A group of former Assemblymen are now making a public appeal to Prime Minister Dr Keith Rowley for assistance in getting a pension from the Tobago House of Assembly.
All the Assemblymen, with combined services of almost 100 years to the Assembly, are from the Democratic Action Congress (DAC) and National Alliance for Reconstruction (NAR) which were led by Arthur NR Robinson and Hochoy Charles.
Their open appeal comes after two of three letters, written to Rowley from 2016 to 2018, were acknowledged but not acted on.
The 2016 letter was copied to Opposition Leader-Kamla Persad Bissessar and then Independent Senator Dhanayshar Mahabir.

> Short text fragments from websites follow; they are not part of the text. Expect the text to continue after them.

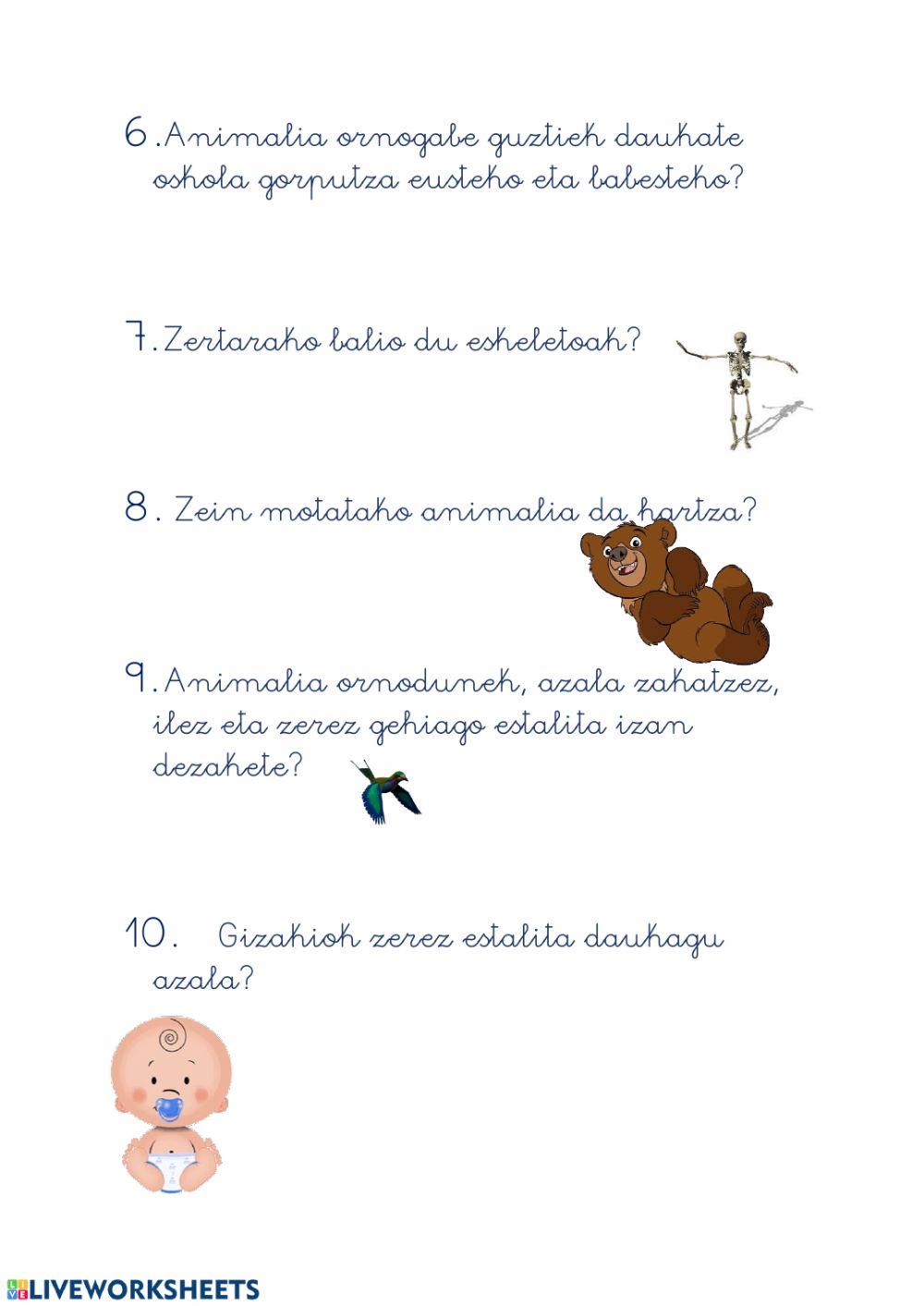 Izaki izaki bizidunak eta bizigabeak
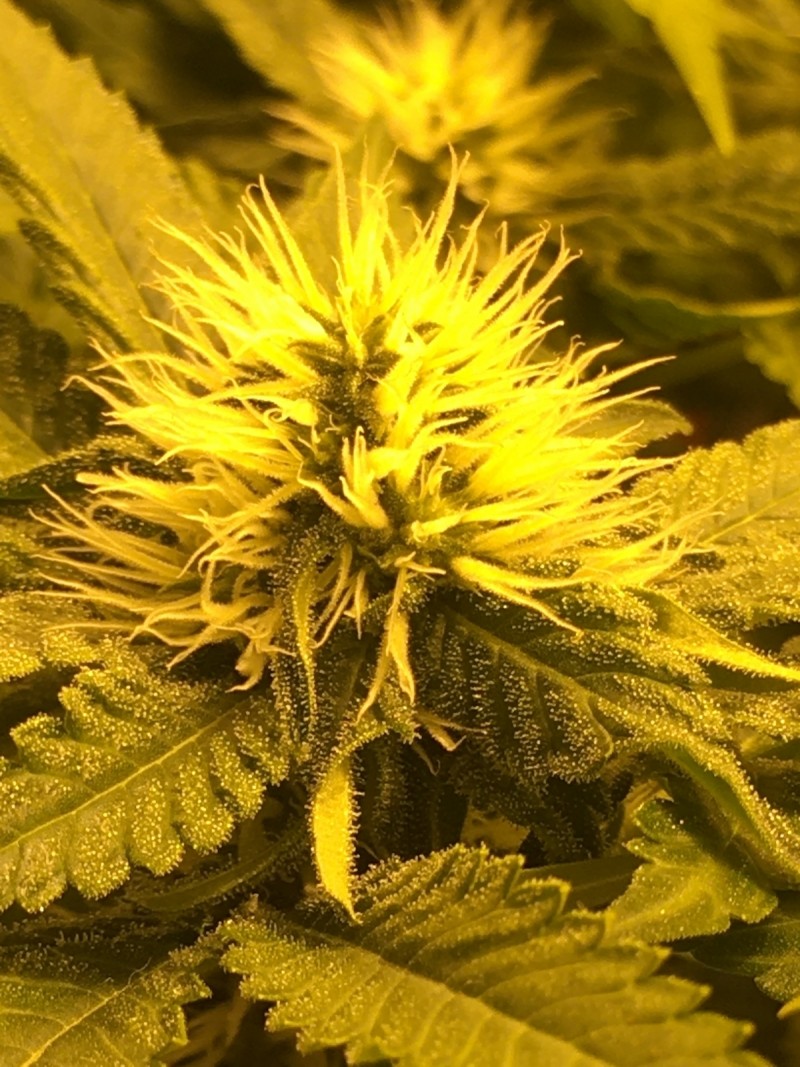 E2BD3415-3DC6-4263-BDCA-1B53B68DBE3E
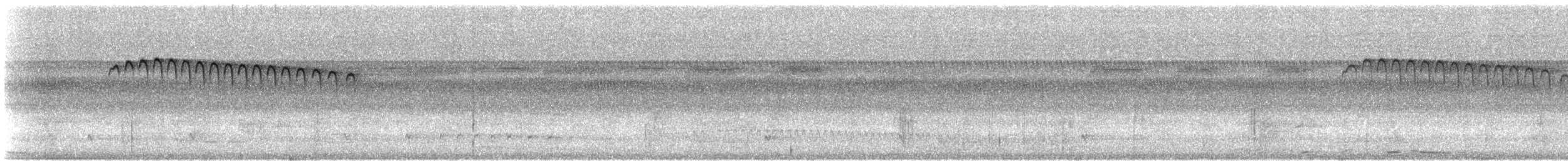 Пестрогорлый алапи (pyrrhonota) - ML608586123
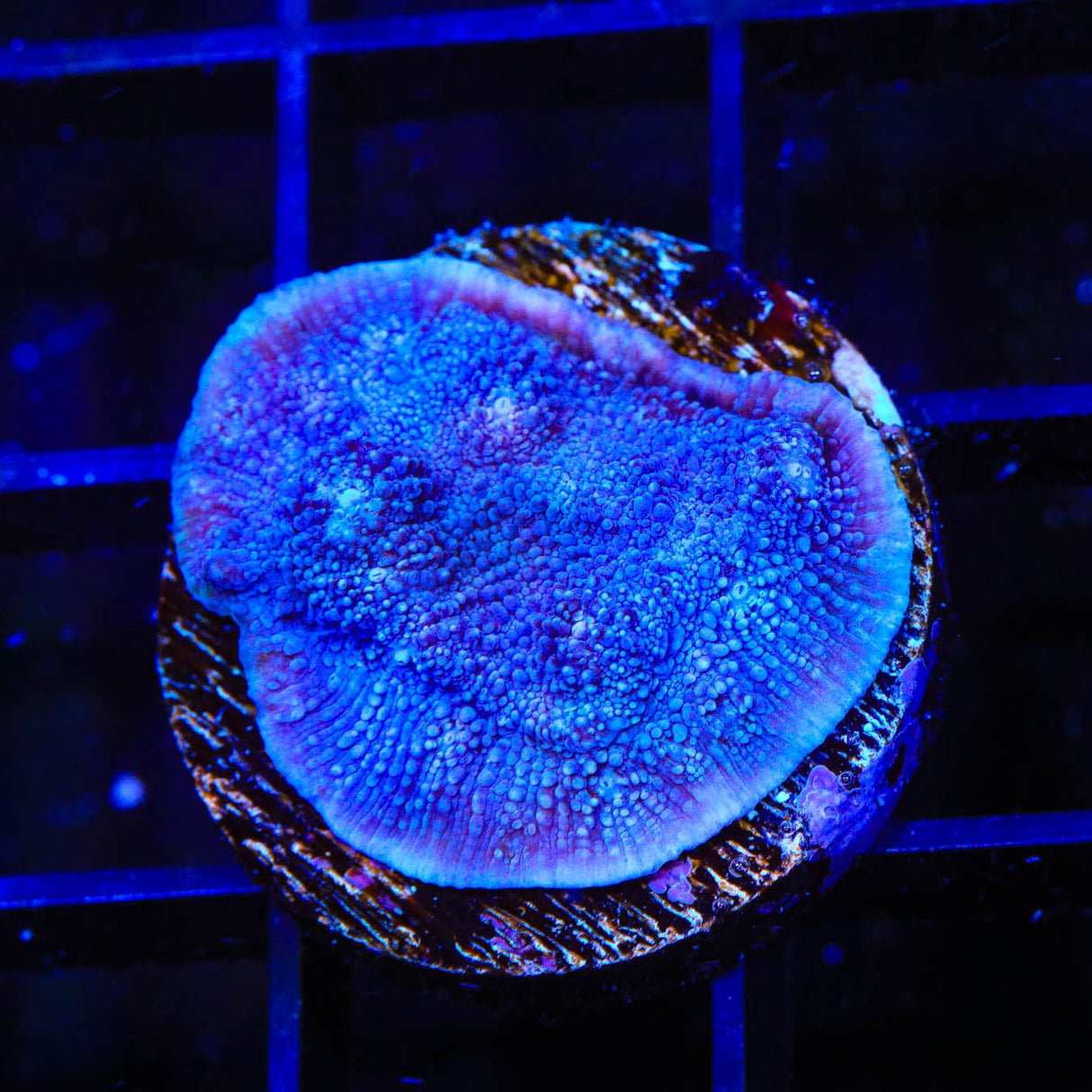 Tyree Blue Chalice Coral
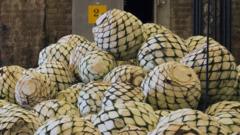 india’s-‘blue-gold’-starts-a-new-drinks-industry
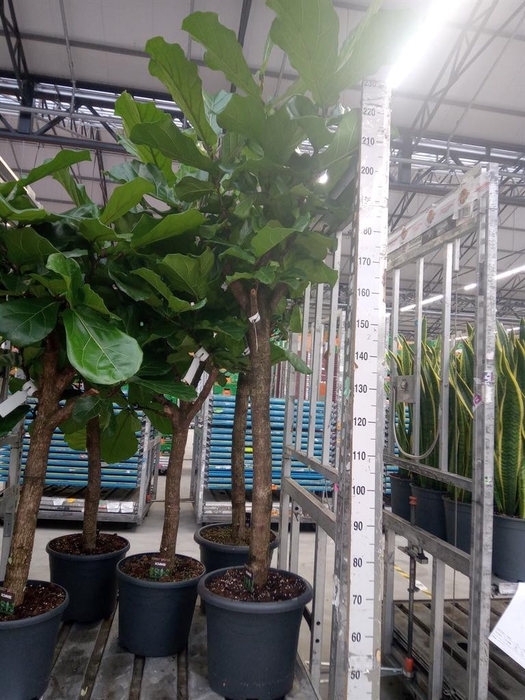 <h4>Ficus lyrata</h4>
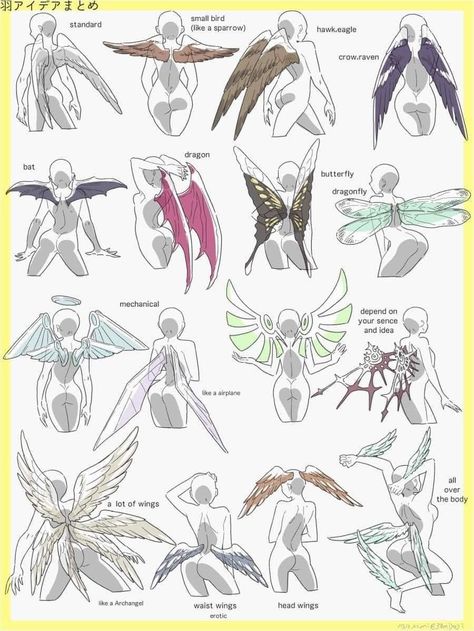 Fairy Wings Drawing, Wings Drawing, Wings Art, Concept Art Drawing, Creature Concept Art, 판타지 아트, Art Poses, Art Tutorials Drawing, Anime Poses Reference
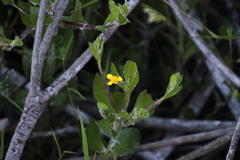 Osteospermum ciliatum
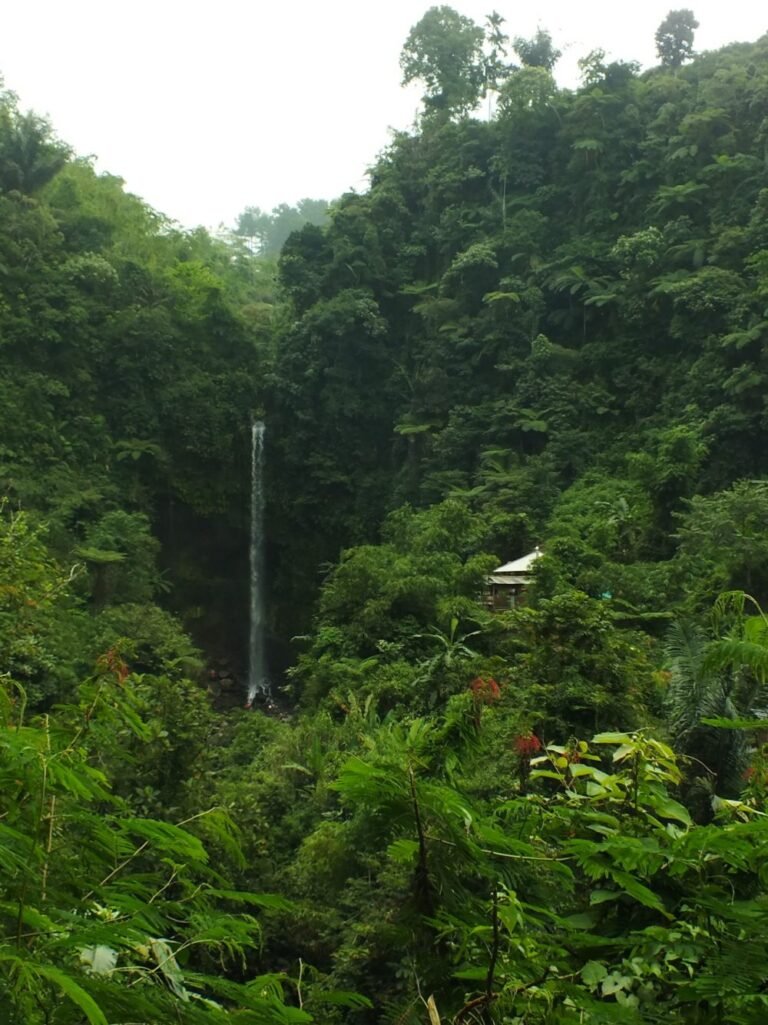 Curug Gado Bangkong2 768x1025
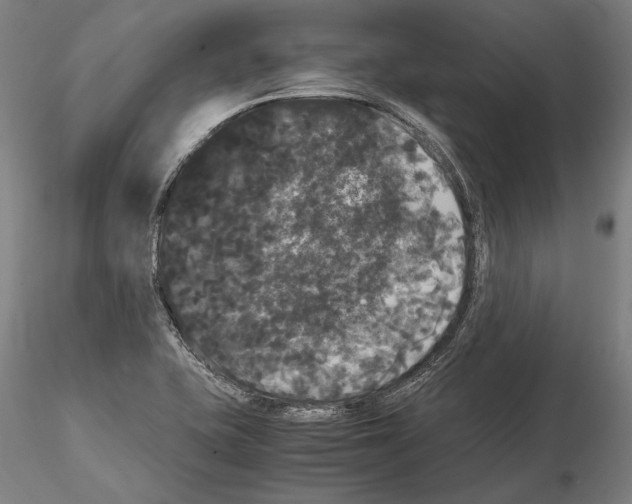 X0000114621415200912010950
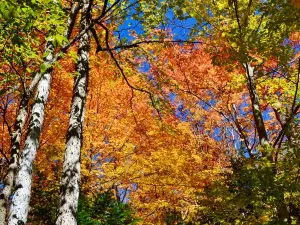 Devil's Glen Provincial Park
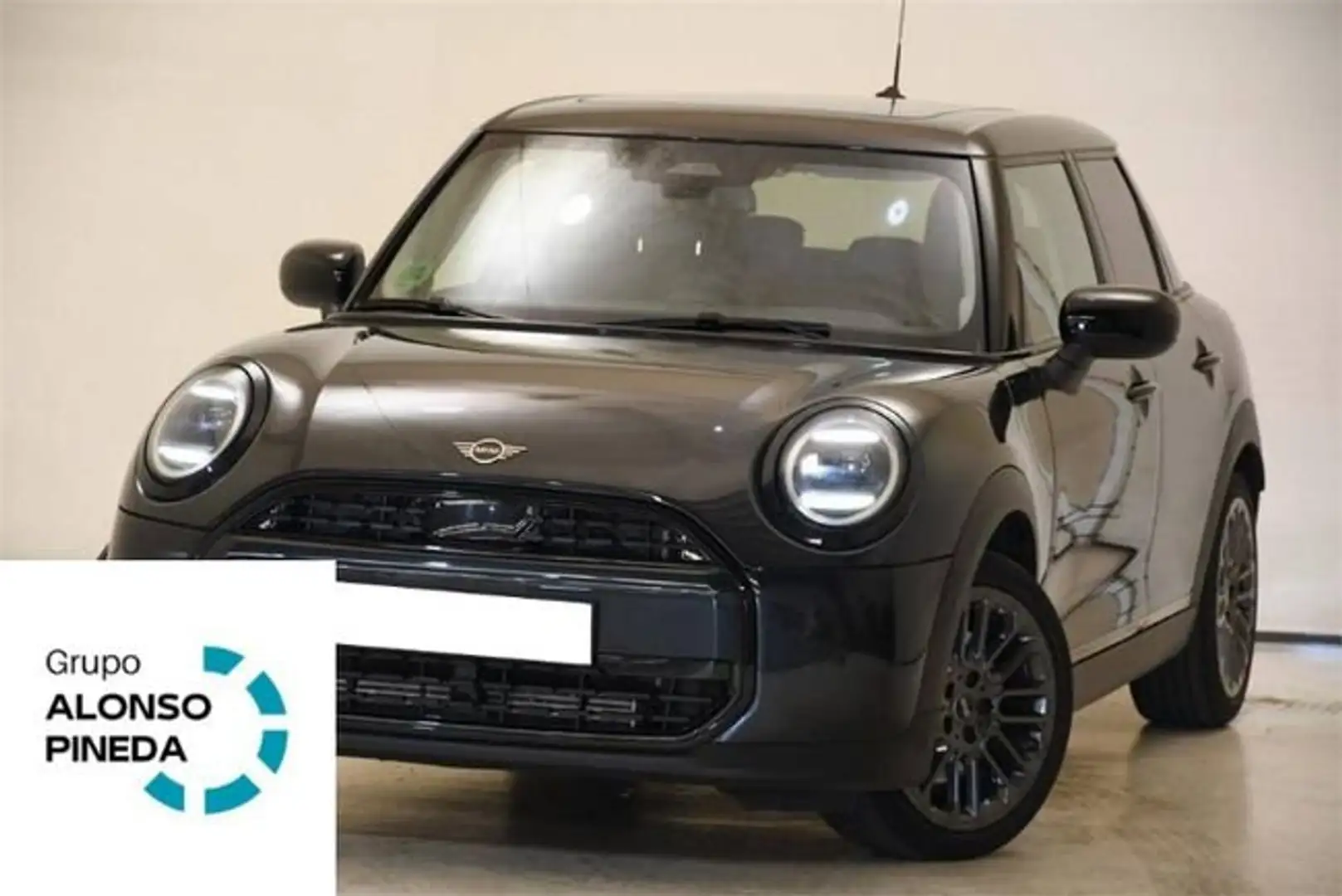 MINI Cooper C Classic Trim Gris - 1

The latest letter, dated February 20, 2018, a copy of which was obtained by Tobago Today, begged Rowley for an appointment at a date convenient to him to discuss the matter.
The letters’ author, Stanley Beard, who served the Assembly for 12 consecutive years, told Rowley: “In 2016, I sent correspondence to you on behalf of former Members of the Assembly who were not included in the present Assembly Pension Plan.”
The letter listed the Assemblymen and their years of service. The list included: Dr Jefferson G Davidson – 20, Gerald Mc Farlane – 12, George Stanley Beard – 12, Regis Caruth 11, Benedict Armstrong – 8 and Beverly Ramsay Moore – 8.
It noted too that the family of deceased Assemblymen also did not receive gratuity or pension benefits. The list of deceased Assemblymen and the number of years they served are as follows: George Archer – 16, Dr JD Elder – 12 Kenneth Murray – 8, Bernadette Des Vignes – 8 and Henry James – 8.
In the February 20 letter, Beard noted that he received a reply from the then-Permanent Secretary in the Office of the Prime Minister, who promised him that he would forward all his correspondence to the Ministries of Finance and Attorney General for review and action.
Beard wrote: “I, again in 2017, forwarded correspondence to both the Ministers of Finance and the Attorney General; but to date, I am yet to receive acknowledgements or responses to my letters.”
Speaking to Tobago Today recently, Beard, a former Tourism Secretary who served the Assembly from 1984-2001, said: “It’s unfair to have served and be forced to live without a pension.”
He said prior to the People’s National Movement’s Orville London-led administration, the then-Chief Secretary Hochoy Charles had implemented a workers’ contributory partial pension plan, administered through the Unit Trust Corporation (UTC).
“The UTC plan was stopped when London came into office and a full pension plan started, which included only persons who began serving in 1996 and had served for six years’ service.”
Beard stressed that any Assemblymen who served before that period were not included in the new plan.
Asked why he wrote to Rowley and not THA Chief Secretary Kelvin Charles, he said only Parliament can change existing laws.
Contacted on the issue, Charles confirmed that only Parliament can act on the matter.
“The issue may very well be the nature of the legislation that was enforced at the time... prior to the 1996 Act it was only the Chairman’s position (that) was a full-time position,” Charles said.
Asked if he will show compassion and remunerate the former Assemblymen, as he did in the case of the teacher who was due to receive a pension but whose documents were not complete, Charles said: “The two situations are fundamentally different.”